> _PROVIDED ENTRIES_
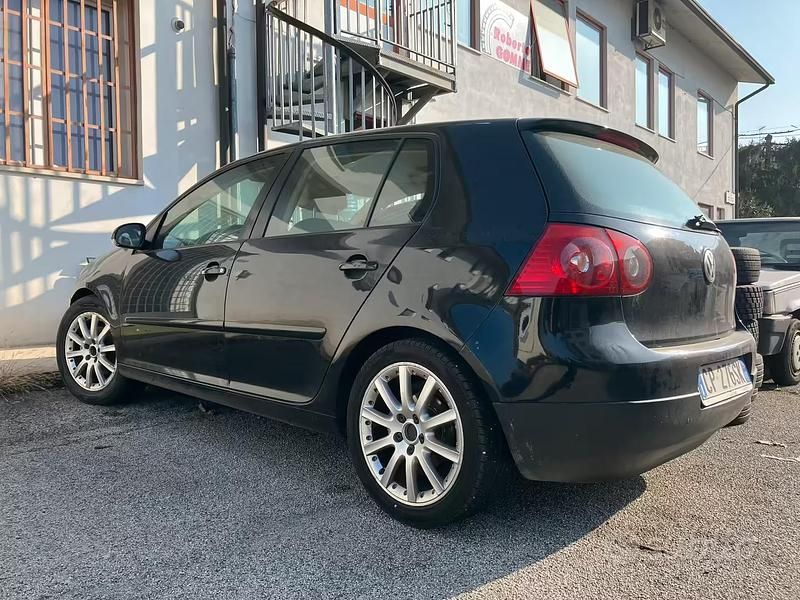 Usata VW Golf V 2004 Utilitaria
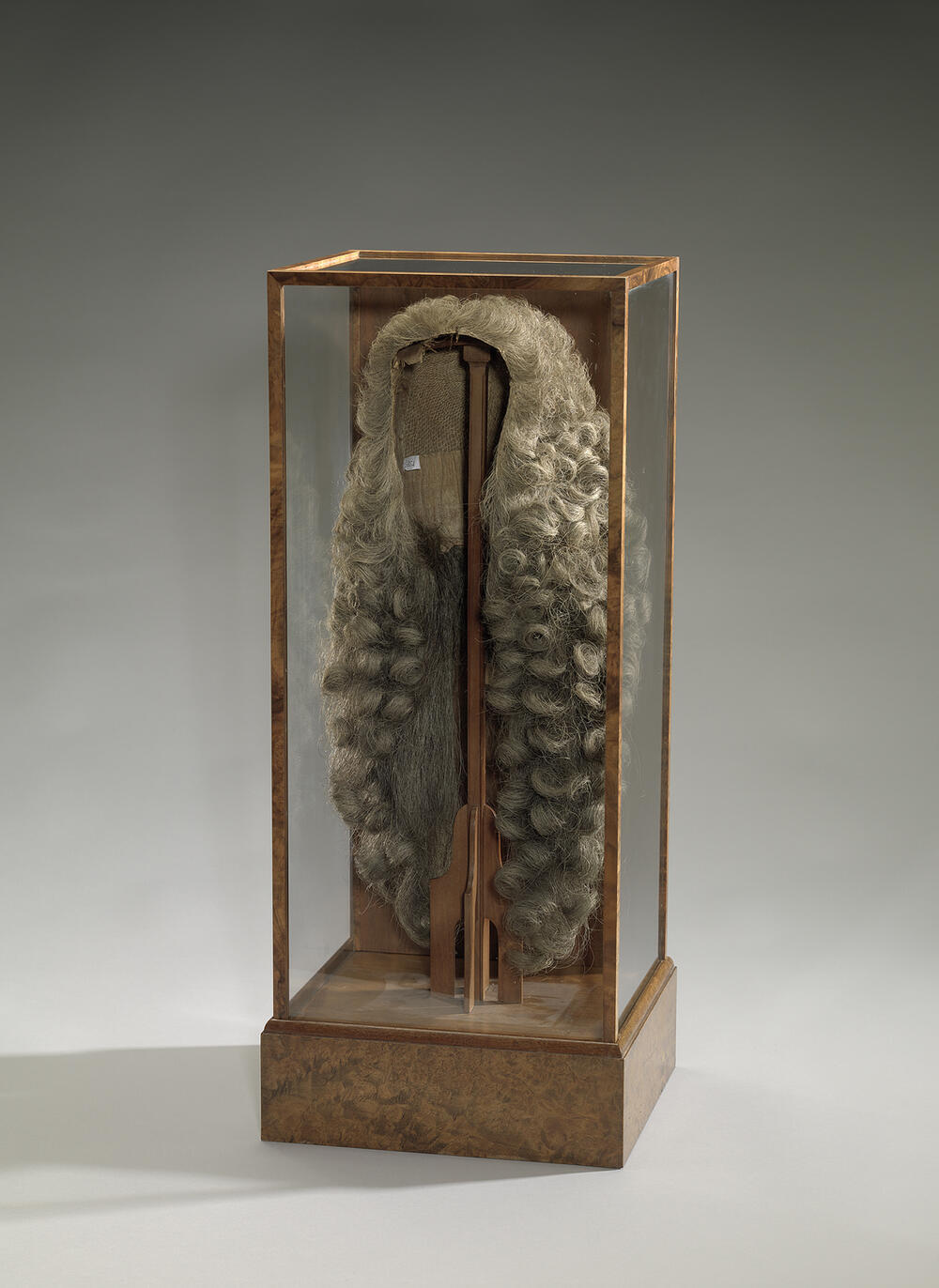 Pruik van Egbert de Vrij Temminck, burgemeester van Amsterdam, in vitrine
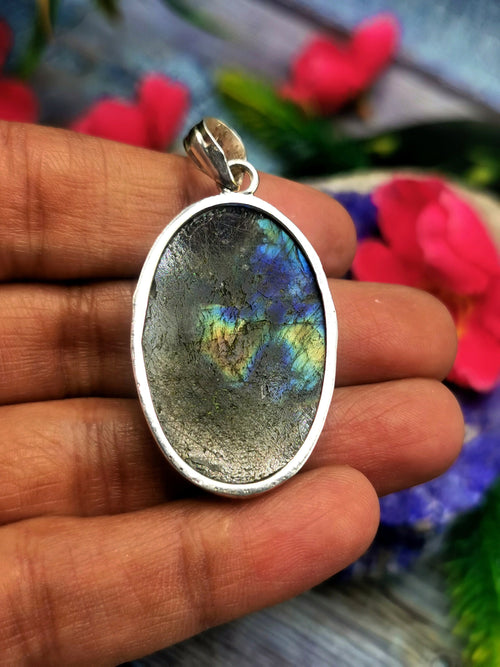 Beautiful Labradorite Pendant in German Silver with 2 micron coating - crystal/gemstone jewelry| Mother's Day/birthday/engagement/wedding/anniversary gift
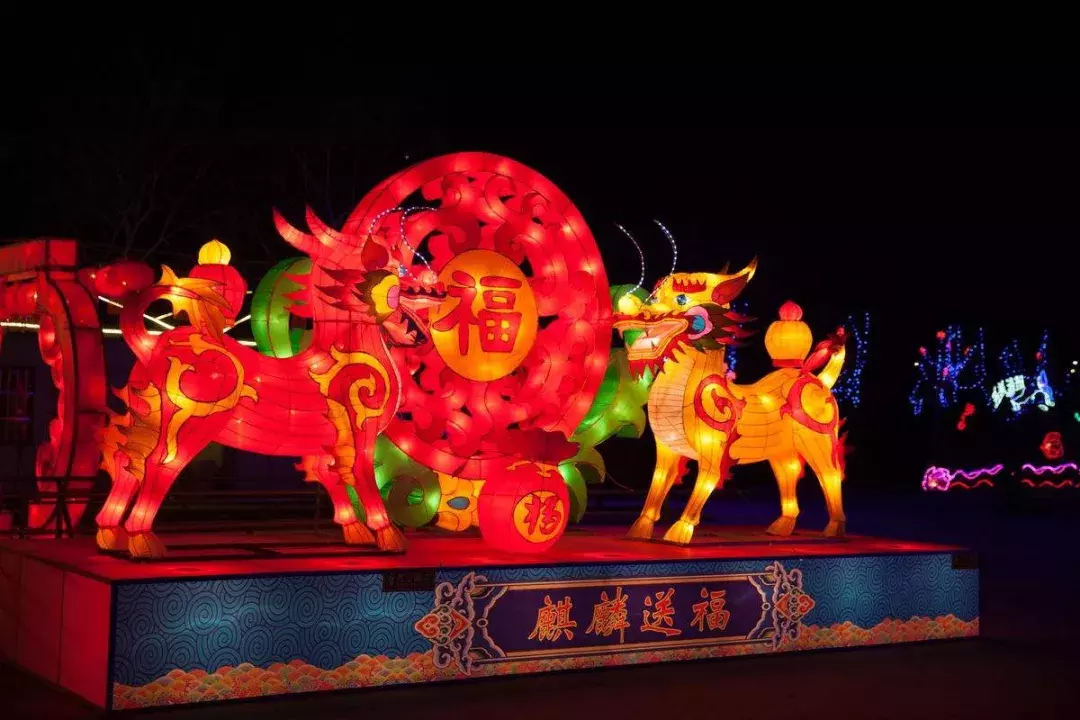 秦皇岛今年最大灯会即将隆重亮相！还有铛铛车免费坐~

==

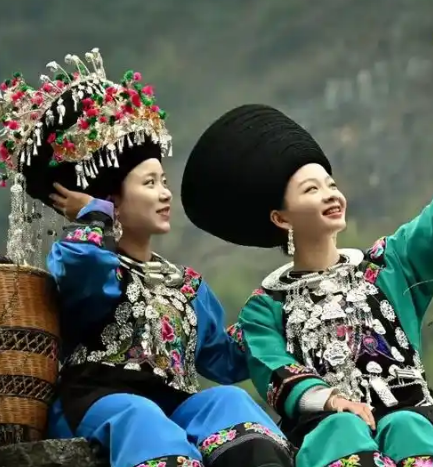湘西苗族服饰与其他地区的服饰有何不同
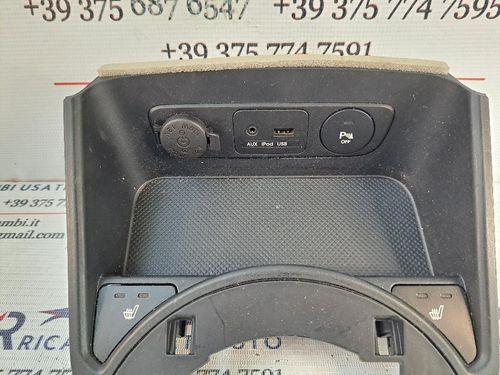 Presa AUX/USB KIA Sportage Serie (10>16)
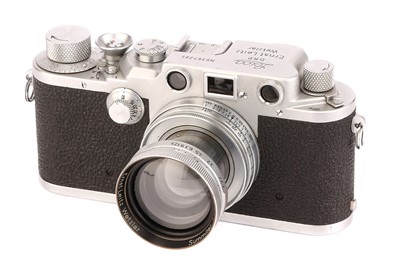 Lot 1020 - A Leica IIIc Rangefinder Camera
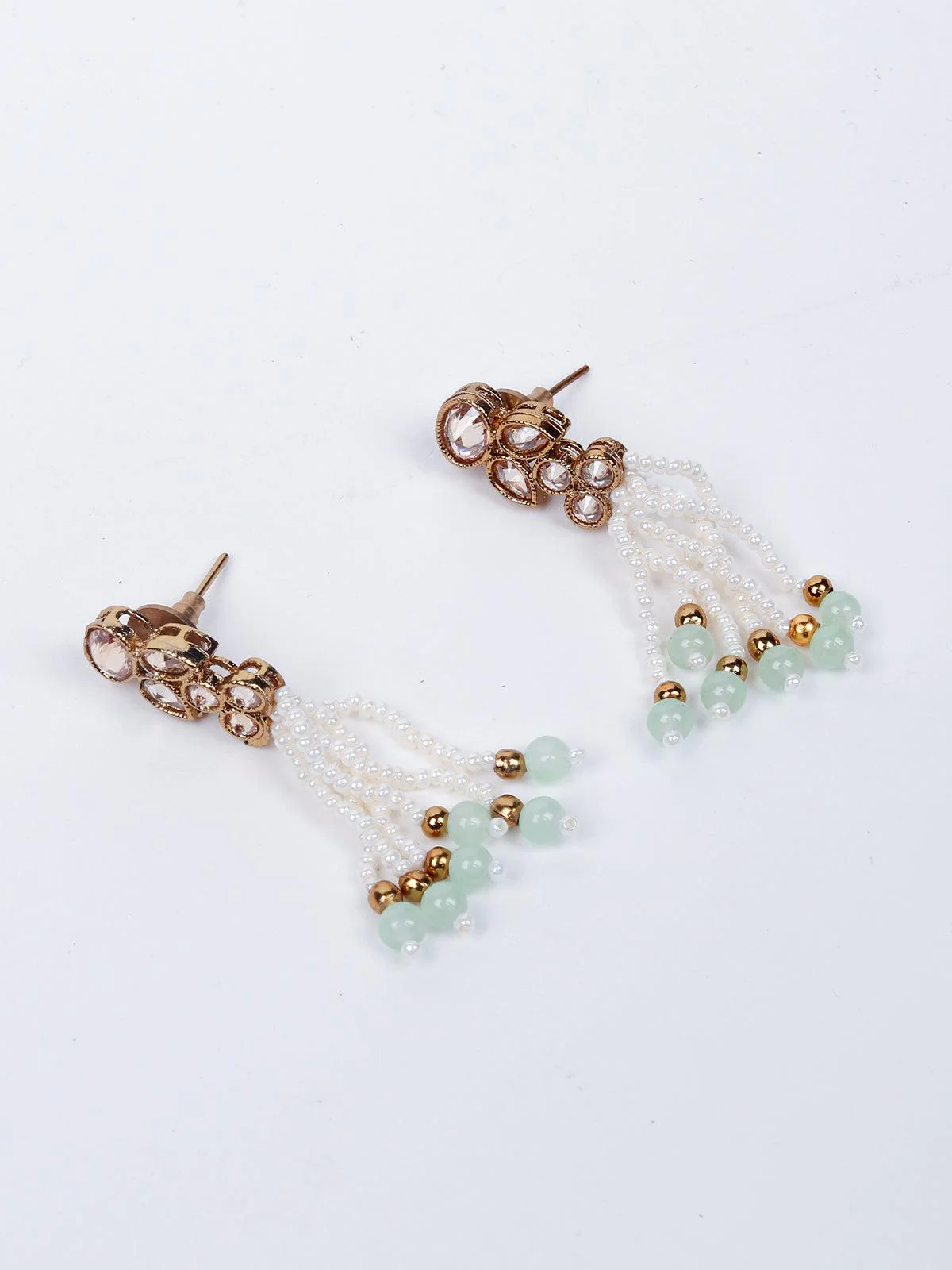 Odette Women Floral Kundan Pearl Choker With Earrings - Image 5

> _WHAT NEEDS TO BE DONE_
Produce an exact reproduction of the listing above, limited to the lines starting at the line with "湘西苗族服饰与其他地区的服饰有何不同" and ending at the line with "Odette Women Floral", both kept, with every picture left out.

> _RESPONSE AREA_
湘西苗族服饰与其他地区的服饰有何不同
 Presa AUX/USB KIA Sportage Serie (10>16)
 Lot 1020 - A Leica IIIc Rangefinder Camera
 Odette Women Floral Kundan Pearl Choker With Earrings - Image 5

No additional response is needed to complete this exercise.